Speech Processing for Machine Learning
Signal Processing of speech and audio files
2- Sound and waveforms
Air molecules transfer energy through space, not molecules themselves. The variations in air pressure of create the perception of sound.
We can categorise these waveforms into multiple types as
In a simple waveform if T is period taken from one peak to the next then freq = 1/T Hz Phase is the angle we shift during the start. So at x=0 , y= sin(x+-phase) Humans perceive high frequency sounds to be louder, even if amplitude is the same of two sounds. Humans can hear between 20-20,000Hz
Pitch is human perception of frequency, they are correlated but humans perceive frequency in a logarithmic way. If a frequency differs by a power of 2 then we think they sound similar. Basically if one was 10 Hz, and the other is 20Hz then the 20Hz is seen as a faster version of the 10Hz. The waveform is just twice as condensed. However 15 Hz is felt to be qualitatively different, it is not perceived as 1.5 times faster. 40Hz is considerd similar to 20 Hz and so on. So by powers of 2 we notice similarity(what about 30 Hz vs 10 Hz, not 3X faster?)
The pitches A3 (220 Hz), A4 (440 Hz), and A5 (880 Hz) sound similar. Furthermore,the perceived distance between the pitches A3 and A4 is the same as the perceived distance between the pitches A4 and A5. In other words, the human perception of pitch is logarithmic in nature.
3- Intensity, loudness, and timbre
Intensity A thunder and an oristra only produce 1W of sound where as a bulb is 100W. We can percieve sounds from our threshold of hearing(TOH): 10^-12 to 10 W/m^2 which is 12 orders of magnitude!
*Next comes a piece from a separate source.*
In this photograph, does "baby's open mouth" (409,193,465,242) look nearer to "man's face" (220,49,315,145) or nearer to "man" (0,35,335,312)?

Intensity(I) is measure in this unit as W/m^2 Decibal of a sound is then calculated based on a base TOH: \(dB=10log(I/TOH)\)
Loudness As humans perception of loudness is influenced by amplitude, frequency and duration. High amplitude with less duration or frequency is percieved as less loud. Abstract measure of Loudness is phon. Plot of freq vs intensity shows contours of constant perception.
Timbre Sounds with same amplitude/frequency have different waveforms which produce qualitive differences in sound.Each sound wave has a characteristic shape, which depends on the material that produced the sound. This is what defines the timbre of the sound.
Timbre has 3 major features: Sound Envelope, Harmonic Content and Amplitude/freq modulation
Sound Envelope See Fundamentals of Music Processing by Muller for more.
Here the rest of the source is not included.